Dataset excerpts

_ _ _ _ _ _ _

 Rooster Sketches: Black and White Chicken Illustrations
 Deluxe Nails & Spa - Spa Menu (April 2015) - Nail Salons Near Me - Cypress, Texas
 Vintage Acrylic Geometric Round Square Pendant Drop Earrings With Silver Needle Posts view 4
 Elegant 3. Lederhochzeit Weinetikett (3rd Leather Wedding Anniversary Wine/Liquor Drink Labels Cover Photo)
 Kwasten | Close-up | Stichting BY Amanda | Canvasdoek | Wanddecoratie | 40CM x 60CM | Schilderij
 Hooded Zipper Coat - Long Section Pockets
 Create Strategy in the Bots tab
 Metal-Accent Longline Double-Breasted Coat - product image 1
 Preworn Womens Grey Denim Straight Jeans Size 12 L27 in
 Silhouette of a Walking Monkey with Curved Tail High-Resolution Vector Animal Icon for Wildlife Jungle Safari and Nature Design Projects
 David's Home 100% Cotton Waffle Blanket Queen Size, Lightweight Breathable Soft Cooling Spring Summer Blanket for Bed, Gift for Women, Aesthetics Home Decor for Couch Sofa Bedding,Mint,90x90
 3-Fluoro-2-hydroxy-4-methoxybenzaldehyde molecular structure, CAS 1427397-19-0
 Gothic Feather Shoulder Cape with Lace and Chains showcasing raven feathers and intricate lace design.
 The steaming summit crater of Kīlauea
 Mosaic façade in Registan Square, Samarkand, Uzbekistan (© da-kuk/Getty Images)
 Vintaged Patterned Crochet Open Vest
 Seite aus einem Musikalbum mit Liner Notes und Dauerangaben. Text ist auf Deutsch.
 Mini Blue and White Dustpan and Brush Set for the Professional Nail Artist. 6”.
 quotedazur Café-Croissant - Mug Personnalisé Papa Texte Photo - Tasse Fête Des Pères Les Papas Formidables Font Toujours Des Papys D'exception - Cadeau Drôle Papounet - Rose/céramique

_ _ _ _ _ _ _

*Instructions to follow*. Wherever the string "Photo" appears in the data above, copy the line it sits in.

*Exercise response*.
 Elegant 3. Lederhochzeit Weinetikett (3rd Leather Wedding Anniversary Wine/Liquor Drink Labels Cover Photo)
 quotedazur Café-Croissant - Mug Personnalisé Papa Texte Photo - Tasse Fête Des Pères Les Papas Formidables Font Toujours Des Papys D'exception - Cadeau Drôle Papounet - Rose/céramique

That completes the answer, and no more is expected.